### TASK
Output only the stretch of the listing that starts at the line containing "Upholstered cotton headboard" and ends at the line containing "Chargez l'image dans", reproduced exactly with both ends.

### SUPPLIED INFORMATION

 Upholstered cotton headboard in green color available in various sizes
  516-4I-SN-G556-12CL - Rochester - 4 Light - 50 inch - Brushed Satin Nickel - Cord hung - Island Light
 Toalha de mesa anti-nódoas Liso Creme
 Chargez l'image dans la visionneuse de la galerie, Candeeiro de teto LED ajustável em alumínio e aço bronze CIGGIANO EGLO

---

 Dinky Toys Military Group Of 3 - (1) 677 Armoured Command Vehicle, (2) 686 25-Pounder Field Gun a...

---

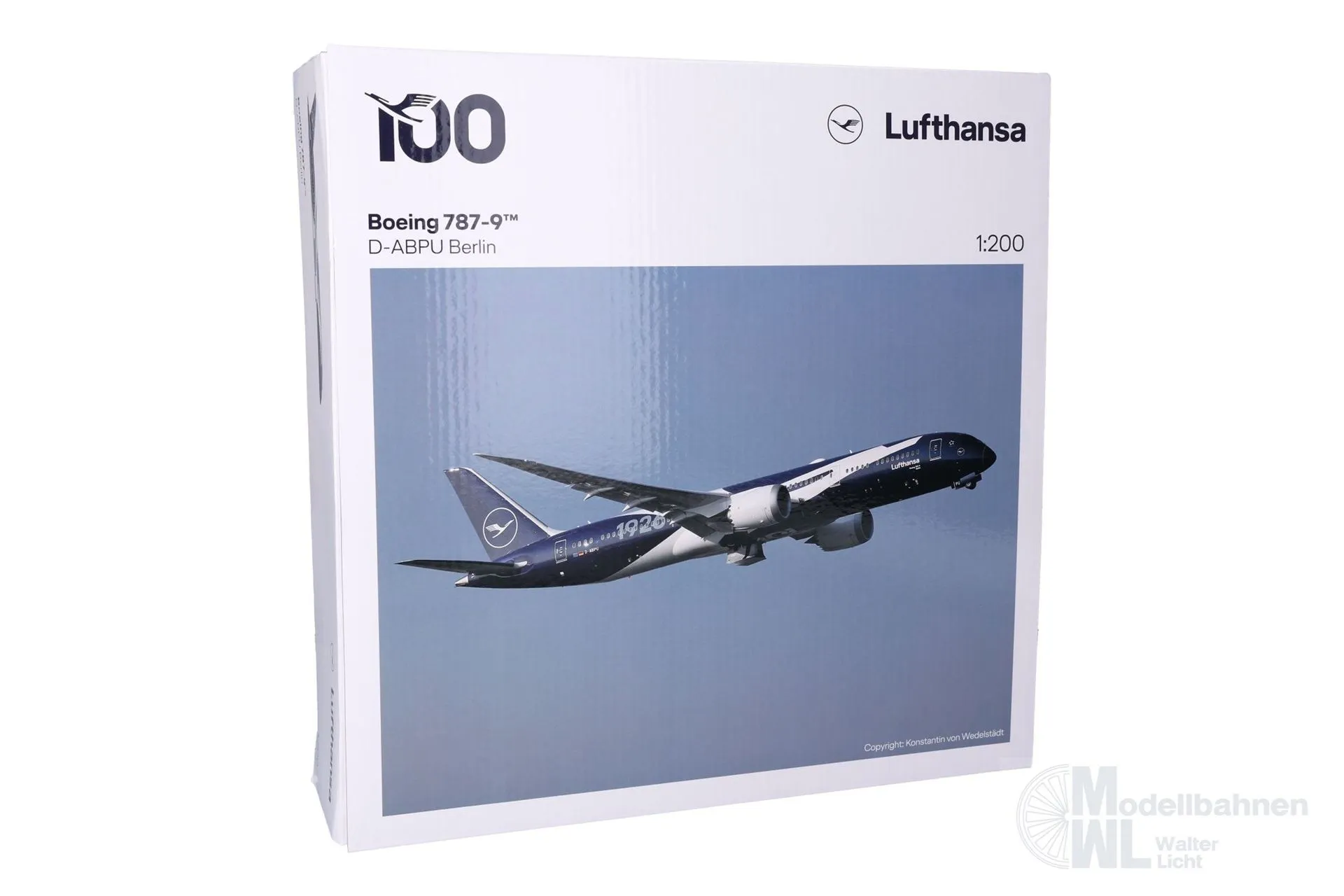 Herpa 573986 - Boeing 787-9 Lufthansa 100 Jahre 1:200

### SOLUTION FOR THIS PROBLEM
 Upholstered cotton headboard in green color available in various sizes
  516-4I-SN-G556-12CL - Rochester - 4 Light - 50 inch - Brushed Satin Nickel - Cord hung - Island Light
 Toalha de mesa anti-nódoas Liso Creme
 Chargez l'image dans la visionneuse de la galerie, Candeeiro de teto LED ajustável em alumínio e aço bronze CIGGIANO EGLO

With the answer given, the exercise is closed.